**WORK ORDER:** Reproduce the listing below from the line with "Rotonda Luxurious Apartment" to the line with "Konges Sløjd Klaver - Glossy - Cherry", both lines included, character for character, minus any pictures.

**DATA EXCERPTS:**

○ ○ ○

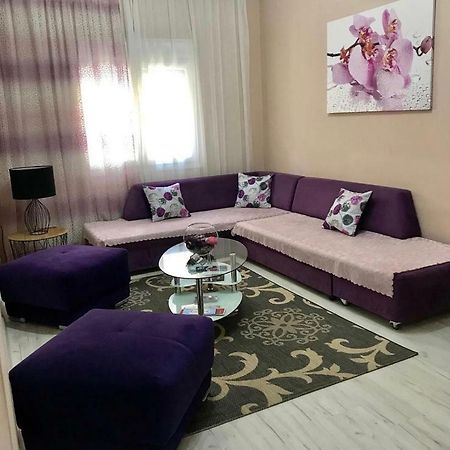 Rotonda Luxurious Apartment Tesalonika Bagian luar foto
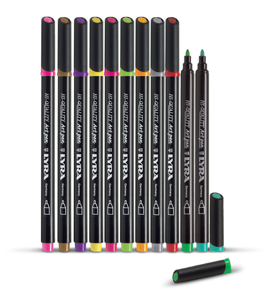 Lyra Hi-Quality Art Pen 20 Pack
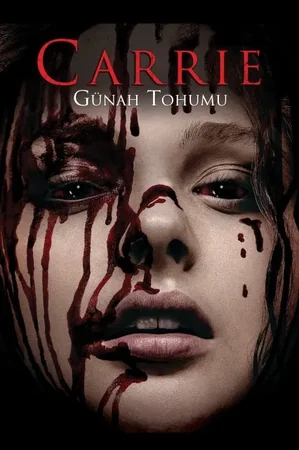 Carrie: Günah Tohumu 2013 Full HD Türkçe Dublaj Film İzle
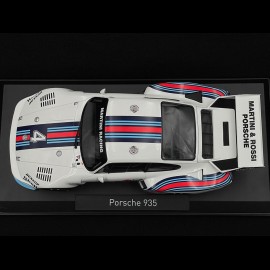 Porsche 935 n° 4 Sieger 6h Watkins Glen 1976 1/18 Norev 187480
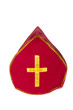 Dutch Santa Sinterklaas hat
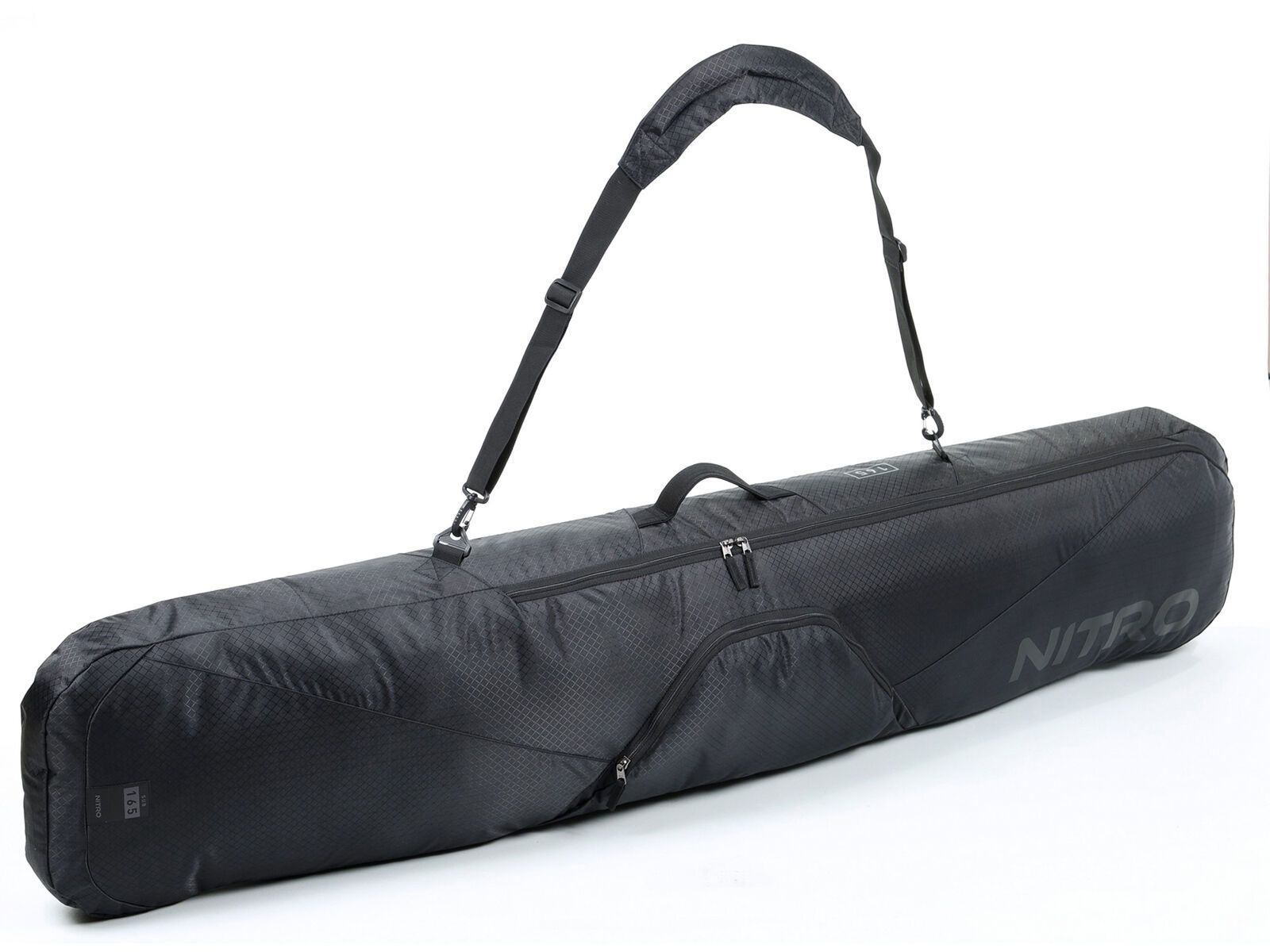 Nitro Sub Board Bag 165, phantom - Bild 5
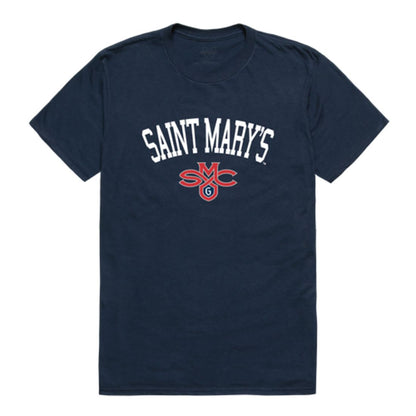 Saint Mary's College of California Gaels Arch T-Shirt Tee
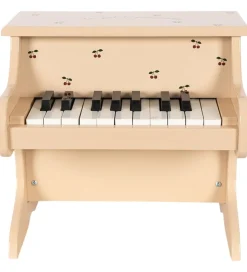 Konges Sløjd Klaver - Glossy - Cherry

○ ○ ○

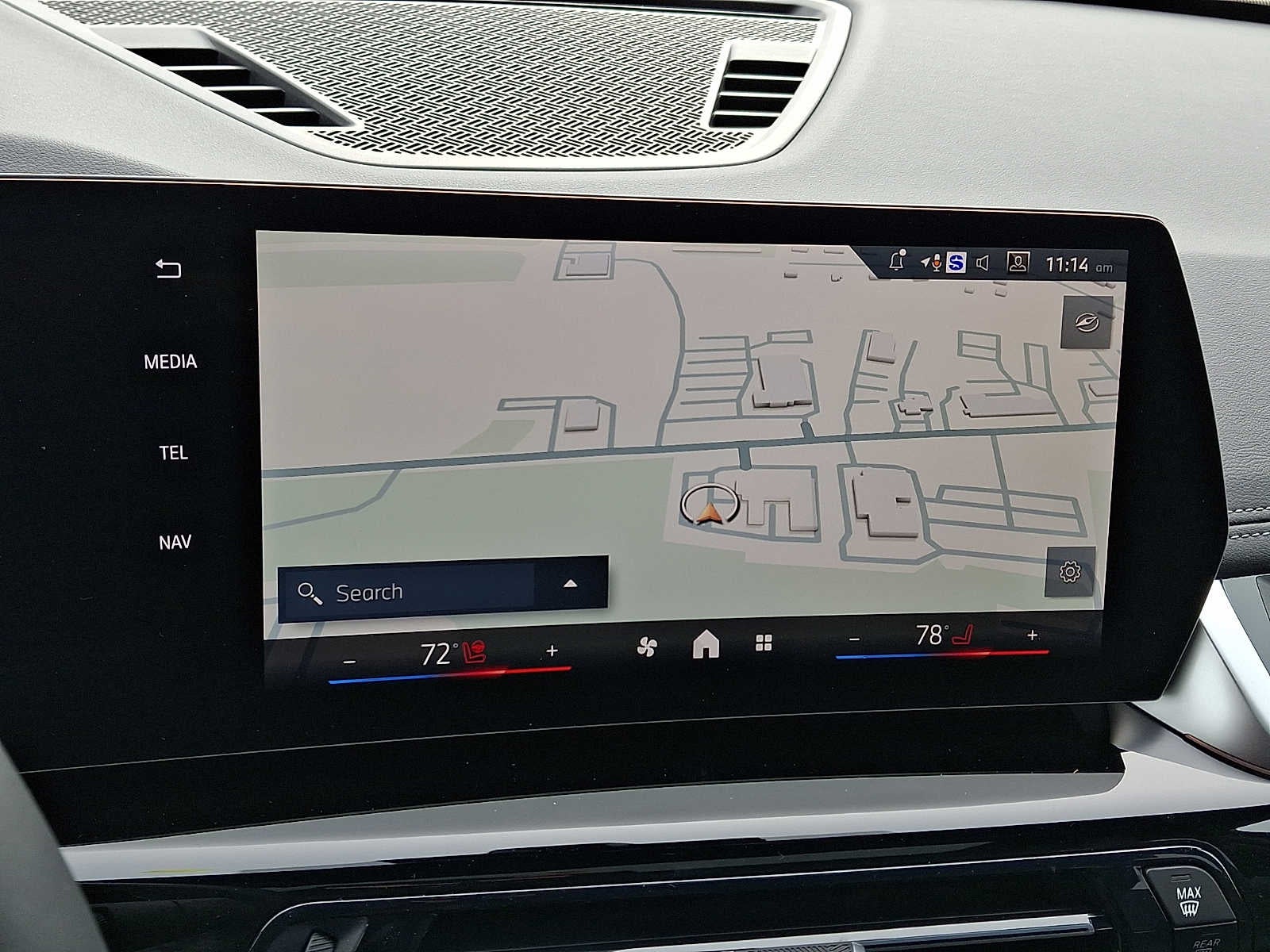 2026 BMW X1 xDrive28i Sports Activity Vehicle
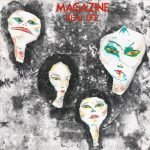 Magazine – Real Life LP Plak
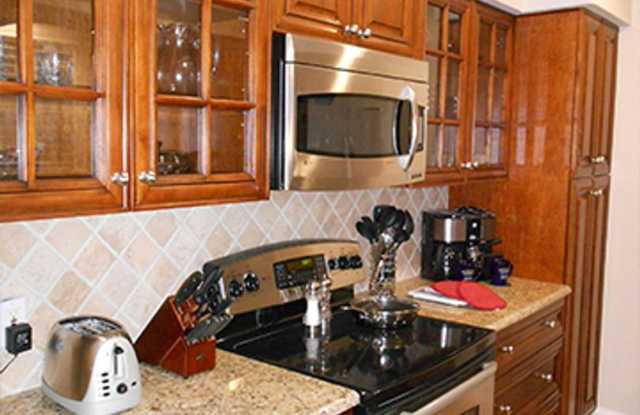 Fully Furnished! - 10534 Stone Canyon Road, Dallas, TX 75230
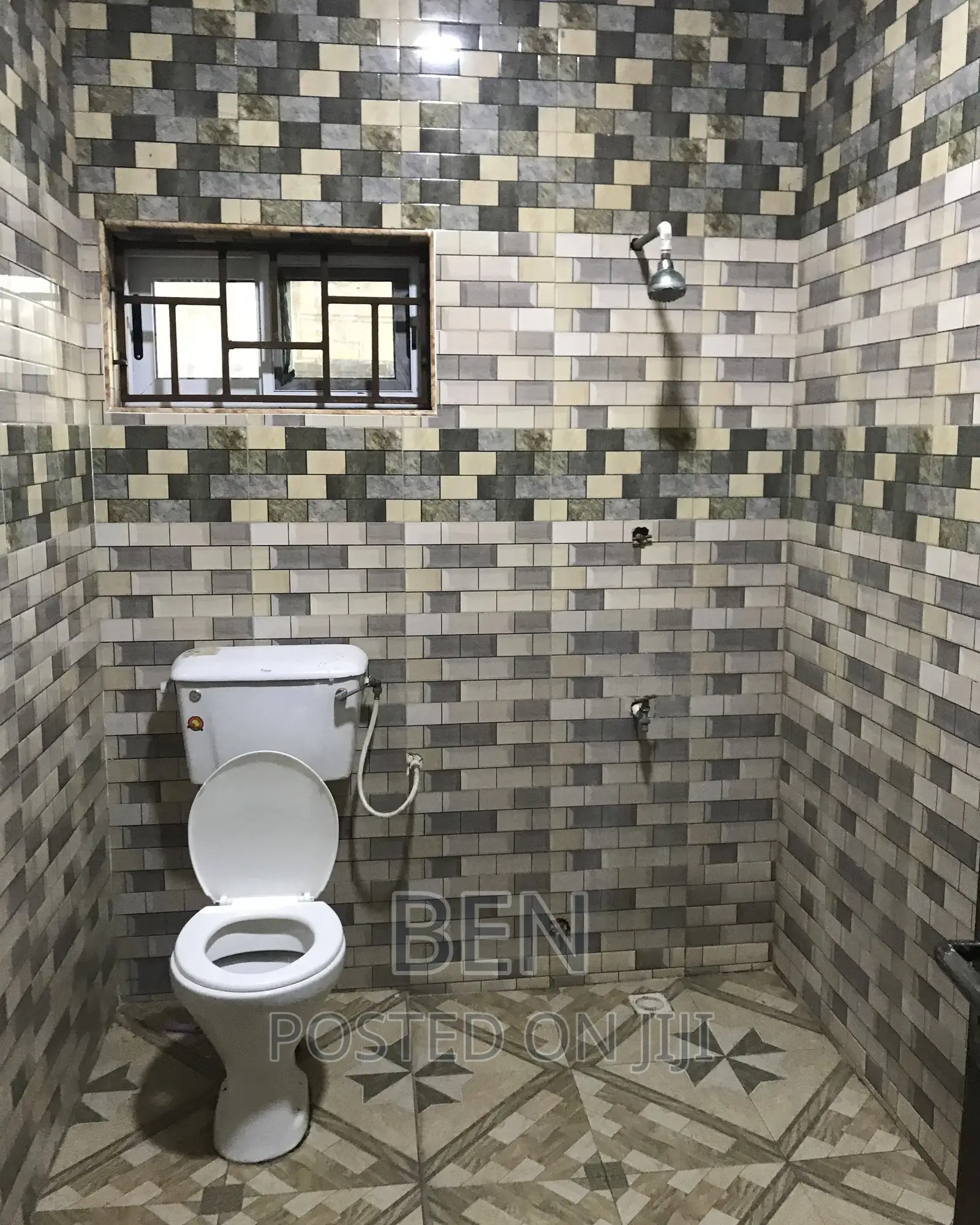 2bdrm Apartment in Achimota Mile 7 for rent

○ ○ ○

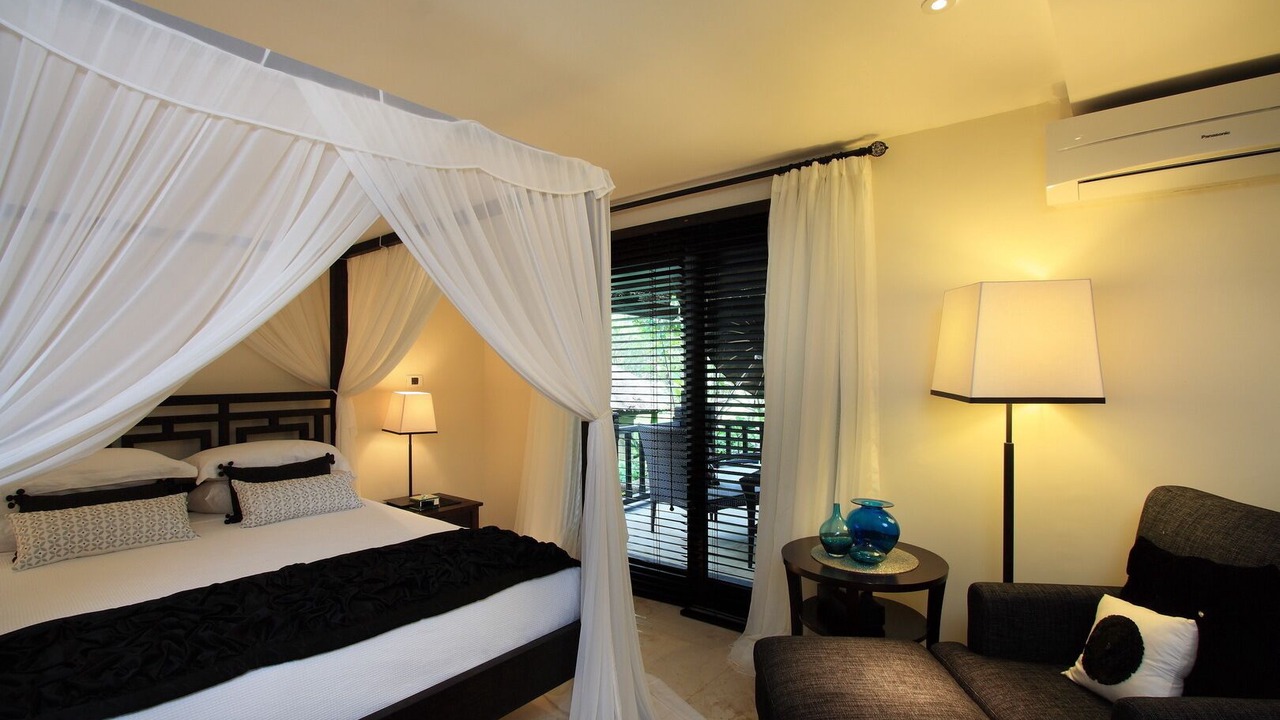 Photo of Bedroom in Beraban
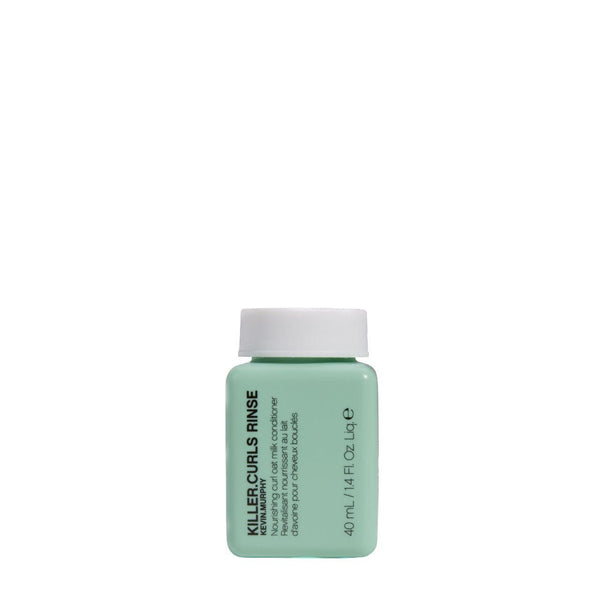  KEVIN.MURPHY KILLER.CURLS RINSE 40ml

○ ○ ○

**SOLUTION TO THIS PROBLEM:**
 Rotonda Luxurious Apartment Tesalonika Bagian luar foto
 Lyra Hi-Quality Art Pen 20 Pack
 Carrie: Günah Tohumu 2013 Full HD Türkçe Dublaj Film İzle
 Porsche 935 n° 4 Sieger 6h Watkins Glen 1976 1/18 Norev 187480
 Dutch Santa Sinterklaas hat
 Nitro Sub Board Bag 165, phantom - Bild 5
 Saint Mary's College of California Gaels Arch T-Shirt Tee
 Konges Sløjd Klaver - Glossy - Cherry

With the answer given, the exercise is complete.